Windows 10 Revert to Windows 7?
“I’m going to chuck this thing in the river” – Actual Client Quote
Things were working fine. Then one morning, everything went to hell.
At the end of July, Microsoft will be ending its controversial, semi-forced upgrade to Windows 10 for eligible users. Over the last year, we’ve spent a lot of time warding off this upgrade for users. For us, the concerns have been mostly centered around compatibility and privacy. Here are our quick tips for you, based upon what we’ve seen with hundreds of PCs.
#1 Rollback to Windows 7
If you’re within the 30 day window, it makes sense to uninstall the update if you are having issues. The majority of compatibility problems have been related to printer and peripheral drivers. Also, users have been dismayed by the visual changes as well as the removal of their programs. The upgrade can automatically prevent older software from running, leading to costly upgrades.

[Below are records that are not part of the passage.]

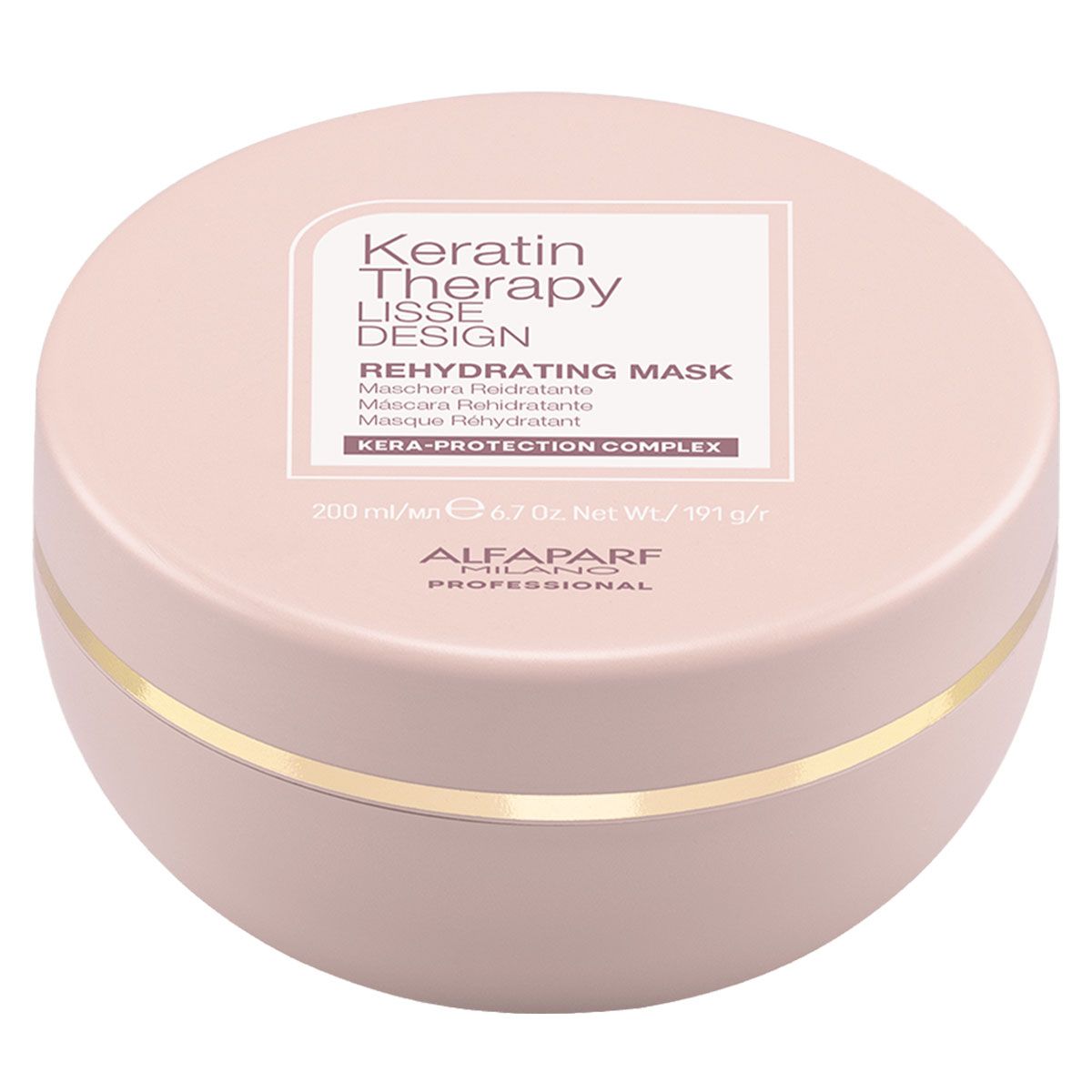 Runde, blassrosa Dose mit goldfarbenem Rand. Etikett mit 'Keratin Therapy Lisse Design Rehydrating Mask'.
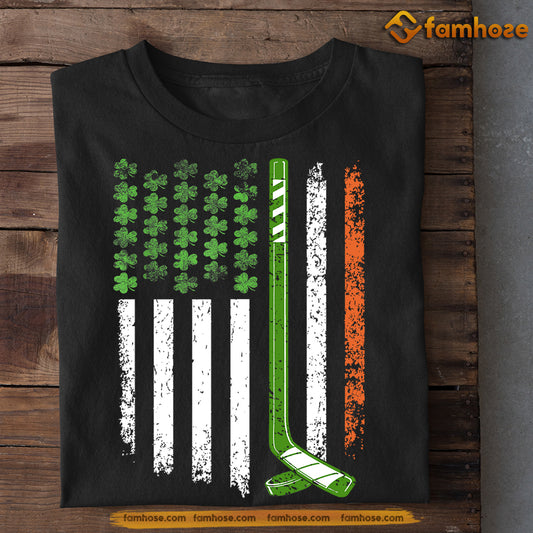 Cool Patrick's Day Hockey T-shirt, Lucky Shamrocks On A USA Flag Tees Patrick's Day Gift For Hockey Lovers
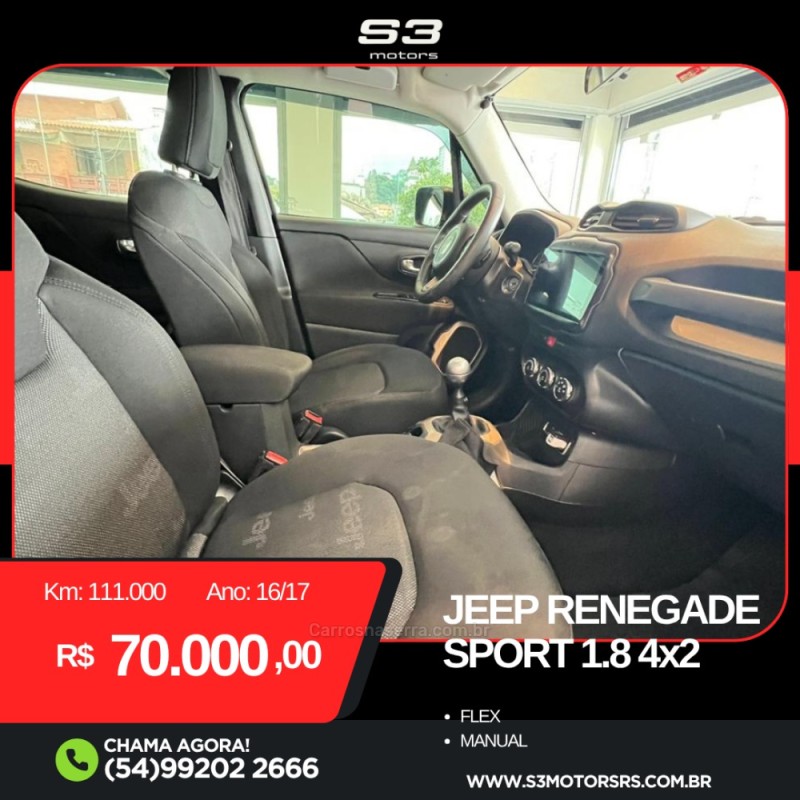 RENEGADE 1.8 16V FLEX SPORT 4P MANUAL - 2017 - CAXIAS DO SUL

#2 Prevent Windows 10 Upgrade
We recommend two programs to remove the upgrade application, updates and nag screen, Steve Gibson’s Never10 and the GWX Control Panel. Both are free and easy enough to run. Bonus: they free up quite a bit of drive space by removing the Windows 10 download.
#3 Windows 10 from Windows 8 and 8.1
This one has been a bit more straightforward. In general, the upgrade process has gone smoothly and benefitted users (especially on Surface devices). You can still roll it back if it was an auto-upgrade, just like Windows 7.
#4 Windows 10 on a New PC?
If you have critical business applications that require specific versions of applications, Java, browsers or peripherals, do your research before buying. You can still get Windows 7 on a new system (not from your local Best Buy, though). Dell, for example, offers a Windows 7 downgrade option on their corporate lines (it will ship 7 installed). Act quickly though. Microsoft keeps restricting buying choices and their tactics with Windows 10 have been almost malware-like.